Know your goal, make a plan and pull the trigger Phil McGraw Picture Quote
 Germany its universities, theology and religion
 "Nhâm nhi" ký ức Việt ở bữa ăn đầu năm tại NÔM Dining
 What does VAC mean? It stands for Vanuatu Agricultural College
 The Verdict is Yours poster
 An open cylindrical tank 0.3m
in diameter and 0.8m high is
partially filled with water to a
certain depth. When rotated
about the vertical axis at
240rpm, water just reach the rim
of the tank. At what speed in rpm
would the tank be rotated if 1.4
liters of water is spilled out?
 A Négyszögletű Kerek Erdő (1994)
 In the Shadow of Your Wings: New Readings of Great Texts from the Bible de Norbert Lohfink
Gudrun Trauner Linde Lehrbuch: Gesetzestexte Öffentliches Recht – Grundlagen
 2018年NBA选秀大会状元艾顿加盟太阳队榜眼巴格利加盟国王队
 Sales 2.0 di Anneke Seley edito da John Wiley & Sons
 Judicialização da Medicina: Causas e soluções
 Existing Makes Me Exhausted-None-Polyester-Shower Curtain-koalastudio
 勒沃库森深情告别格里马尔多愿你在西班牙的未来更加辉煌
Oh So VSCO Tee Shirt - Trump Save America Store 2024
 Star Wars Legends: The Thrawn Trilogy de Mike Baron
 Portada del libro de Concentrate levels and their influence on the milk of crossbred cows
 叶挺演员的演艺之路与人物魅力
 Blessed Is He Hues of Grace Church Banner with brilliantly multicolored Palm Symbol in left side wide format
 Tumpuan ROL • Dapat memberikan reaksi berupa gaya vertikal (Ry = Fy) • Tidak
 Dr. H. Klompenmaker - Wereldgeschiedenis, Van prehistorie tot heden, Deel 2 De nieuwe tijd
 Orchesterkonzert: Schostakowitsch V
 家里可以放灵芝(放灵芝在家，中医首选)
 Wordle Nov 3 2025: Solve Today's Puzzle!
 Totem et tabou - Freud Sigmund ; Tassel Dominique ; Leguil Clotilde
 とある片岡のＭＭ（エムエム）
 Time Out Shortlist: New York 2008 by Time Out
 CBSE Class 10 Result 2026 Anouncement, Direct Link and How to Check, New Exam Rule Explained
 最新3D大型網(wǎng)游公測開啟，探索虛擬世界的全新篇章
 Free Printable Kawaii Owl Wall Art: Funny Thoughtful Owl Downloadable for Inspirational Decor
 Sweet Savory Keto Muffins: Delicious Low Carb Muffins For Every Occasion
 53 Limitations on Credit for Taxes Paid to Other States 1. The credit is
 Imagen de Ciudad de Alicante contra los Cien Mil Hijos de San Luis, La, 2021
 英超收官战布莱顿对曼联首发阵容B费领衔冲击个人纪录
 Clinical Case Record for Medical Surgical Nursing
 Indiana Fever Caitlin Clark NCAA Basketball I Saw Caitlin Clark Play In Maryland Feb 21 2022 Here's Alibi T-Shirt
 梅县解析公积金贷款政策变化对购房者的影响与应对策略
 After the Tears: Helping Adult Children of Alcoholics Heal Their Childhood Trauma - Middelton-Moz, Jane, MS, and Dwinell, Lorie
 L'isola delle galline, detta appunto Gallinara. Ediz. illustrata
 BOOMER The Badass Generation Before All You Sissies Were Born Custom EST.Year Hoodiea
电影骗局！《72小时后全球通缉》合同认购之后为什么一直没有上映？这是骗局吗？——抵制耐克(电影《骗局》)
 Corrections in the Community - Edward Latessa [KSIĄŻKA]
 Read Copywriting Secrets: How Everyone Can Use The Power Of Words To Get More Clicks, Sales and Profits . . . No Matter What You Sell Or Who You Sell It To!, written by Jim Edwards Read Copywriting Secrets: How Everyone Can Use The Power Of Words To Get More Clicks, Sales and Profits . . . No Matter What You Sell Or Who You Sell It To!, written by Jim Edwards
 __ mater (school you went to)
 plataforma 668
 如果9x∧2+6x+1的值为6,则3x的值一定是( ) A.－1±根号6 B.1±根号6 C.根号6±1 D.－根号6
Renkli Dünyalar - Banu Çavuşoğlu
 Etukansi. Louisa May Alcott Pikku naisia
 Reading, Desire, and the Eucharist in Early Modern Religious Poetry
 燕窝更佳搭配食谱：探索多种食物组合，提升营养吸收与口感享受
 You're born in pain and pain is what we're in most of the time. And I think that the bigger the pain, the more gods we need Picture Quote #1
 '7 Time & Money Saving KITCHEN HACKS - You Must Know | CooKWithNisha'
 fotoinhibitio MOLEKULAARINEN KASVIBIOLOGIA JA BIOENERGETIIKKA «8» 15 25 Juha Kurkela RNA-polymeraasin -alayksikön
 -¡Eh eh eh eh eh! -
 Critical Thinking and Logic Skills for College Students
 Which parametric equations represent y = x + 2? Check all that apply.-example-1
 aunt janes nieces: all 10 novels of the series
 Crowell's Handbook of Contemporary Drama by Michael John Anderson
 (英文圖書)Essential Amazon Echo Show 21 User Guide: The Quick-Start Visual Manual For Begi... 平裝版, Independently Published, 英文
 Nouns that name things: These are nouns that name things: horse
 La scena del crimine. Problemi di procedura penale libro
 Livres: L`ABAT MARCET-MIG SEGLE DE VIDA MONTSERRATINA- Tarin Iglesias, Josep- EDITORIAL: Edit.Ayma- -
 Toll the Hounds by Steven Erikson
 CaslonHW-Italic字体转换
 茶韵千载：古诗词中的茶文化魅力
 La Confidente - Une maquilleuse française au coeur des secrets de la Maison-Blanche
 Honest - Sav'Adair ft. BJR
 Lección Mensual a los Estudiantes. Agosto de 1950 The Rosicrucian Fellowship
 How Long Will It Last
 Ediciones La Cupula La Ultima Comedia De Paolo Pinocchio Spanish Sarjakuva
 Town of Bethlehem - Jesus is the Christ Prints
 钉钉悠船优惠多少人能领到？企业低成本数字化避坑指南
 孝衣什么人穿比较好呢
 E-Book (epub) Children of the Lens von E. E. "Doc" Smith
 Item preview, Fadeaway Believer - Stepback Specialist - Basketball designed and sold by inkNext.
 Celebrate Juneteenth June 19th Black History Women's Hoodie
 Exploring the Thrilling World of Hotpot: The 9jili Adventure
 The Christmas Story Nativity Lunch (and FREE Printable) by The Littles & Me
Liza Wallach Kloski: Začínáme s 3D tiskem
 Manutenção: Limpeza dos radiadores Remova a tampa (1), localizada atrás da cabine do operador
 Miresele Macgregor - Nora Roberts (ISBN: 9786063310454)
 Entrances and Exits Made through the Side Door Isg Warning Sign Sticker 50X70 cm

## Task objective
I'd like the lines above from the one with "Critical Thinking and" up to and including the one with "Crowell's Handbook of" copied exactly, with no other lines.

## Answer box
 Critical Thinking and Logic Skills for College Students
 Which parametric equations represent y = x + 2? Check all that apply.-example-1
 aunt janes nieces: all 10 novels of the series
 Crowell's Handbook of Contemporary Drama by Michael John Anderson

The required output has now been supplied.